— Recorded data —
§ §

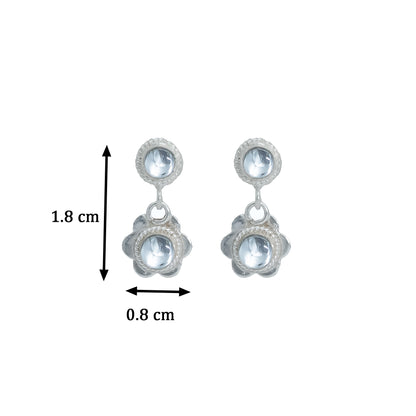 Silver White Stone Blossom Earrings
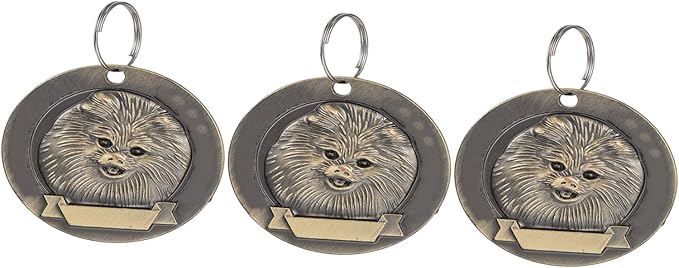 3pcs Vintage Bronze Dog Id Tags Retro Pet Pendent Decor for Pomeranian Dogs Pet Accessories Sturdy Engraved Collar Tags for Supplies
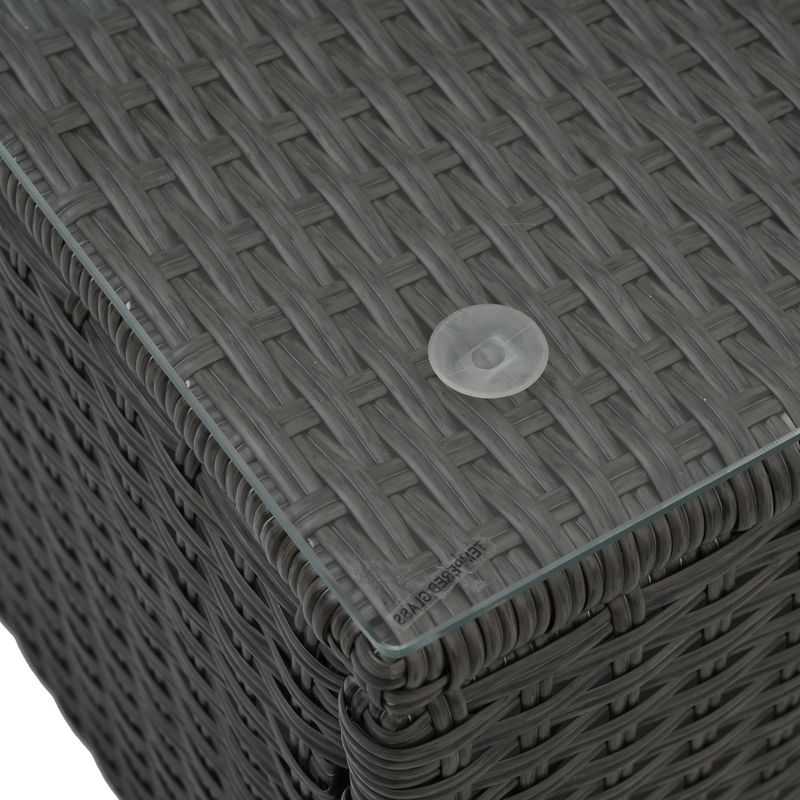 Patio Furniture PE Wicker & Tempered Glass Table_voghion.com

§ §

— Work to be completed —
Give every line above again exactly, omitting whatever pictures appear.

— Task solution —
 Silver White Stone Blossom Earrings
 3pcs Vintage Bronze Dog Id Tags Retro Pet Pendent Decor for Pomeranian Dogs Pet Accessories Sturdy Engraved Collar Tags for Supplies
 Patio Furniture PE Wicker & Tempered Glass Table_voghion.com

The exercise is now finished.